Lucy looked at Ulin and winked.

The wake was beginning to mellow in the late hours of the night, when Lucy and Ulin, the members of the city council, Lysandros, and the Vigilance Committee gathered by ones and twos in the back of the common room. Aylesworthy closed the bar and shooed everyone else out. He had to check three times before he found all the kender, and it took a while to check their pouches and pockets for loose spoons, mugs, other people’s pouches, and knickknacks that had been “found” or “accidentally picked up by mistake.” Finally he was able to pour a fresh pitcher of ale and join the meeting at the back of the room.

While the innkeeper closed the tavern, Challie took two of Lysandros’s guards to the city jail to fetch Kethril. By the time everyone was settled in chairs and ready to begin the meeting, the magistrate had returned with the prisoner bound at the wrists and chained at the ankles. The tall, fastidious gambler looked less than pleased to be hauled ignominiously before such a large group, but he did his best to hide it.

“A mug of your best spring ale,” Kethril called heartily.

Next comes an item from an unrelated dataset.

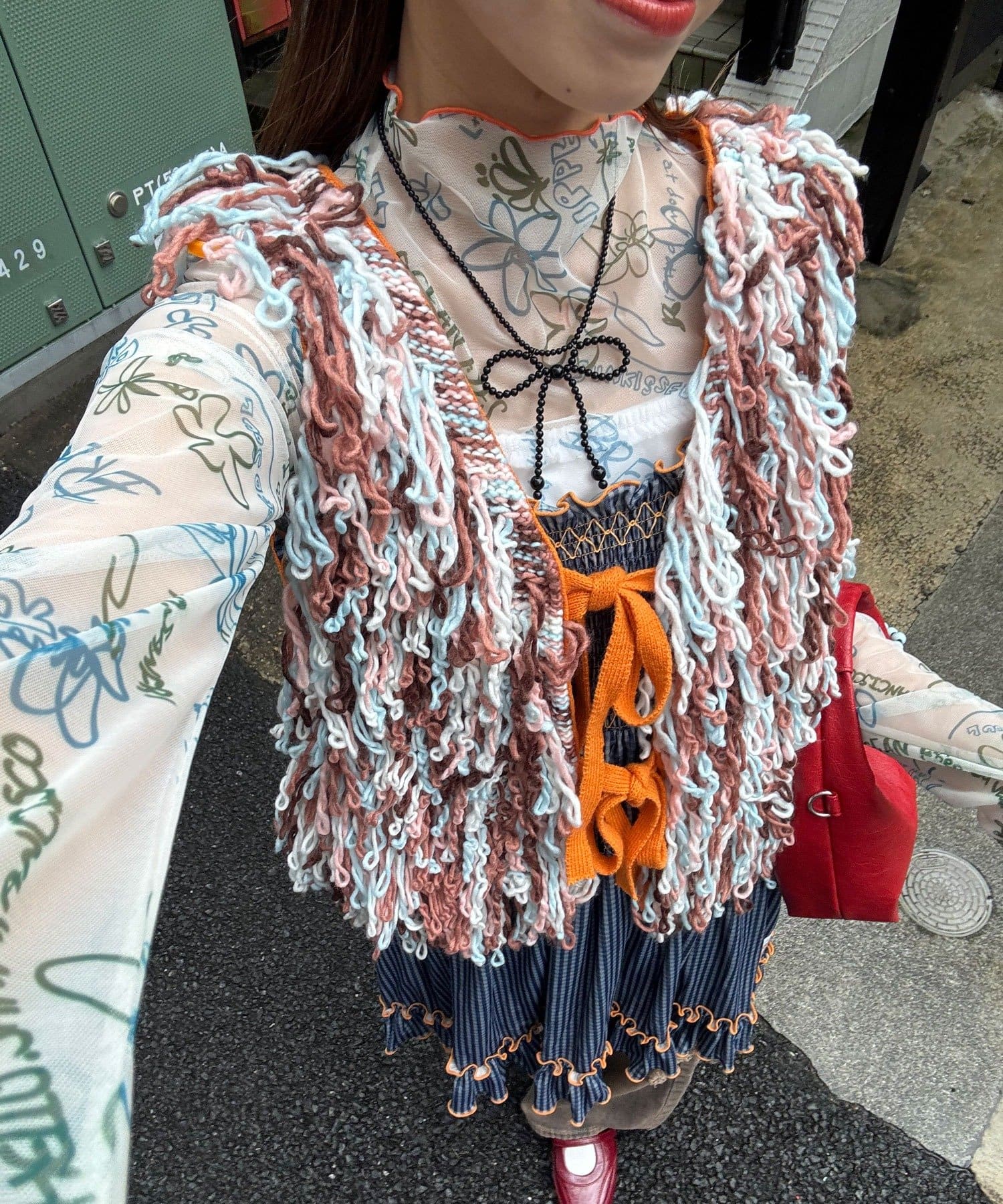 CIAOPANIC(チャオパニック) 【HELLO.SANFRANCISCO/ハローサンフランシスコ】カラーループフリンジリボンベスト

The innkeeper made no move to get it. “That’ll be one hundred steel pieces,” he demanded, his heavy features stiff with displeasure.

The gambler sighed heavily and turned back to his daughter. “Lucy … I … we got off to a bad start this afternoon. I want to try again.”

She gazed at some place over his shoulder. “Why?”

Her abrupt answer took him aback. He didn’t know what to expect from this daughter any more. She had become a woman in his absence, and a strong one at that. “You traveled a long way to get here. I thought we could get to know each other again.”

Lucy’s fingers tightened around her mug, but her distant expression did not change. “I came here for my mother’s sake, not yours. She was under the mistaken impression that you were dead. Believe it or not, she was devastated.”

Kethril’s handsome face assumed an expression of sadness mixed with regret. “Ah, your mother. She was a beautiful woman.” He tried to pull out a chair with his foot to sit down at the table.

“Don’t.” Lucy’s refusal was adamant.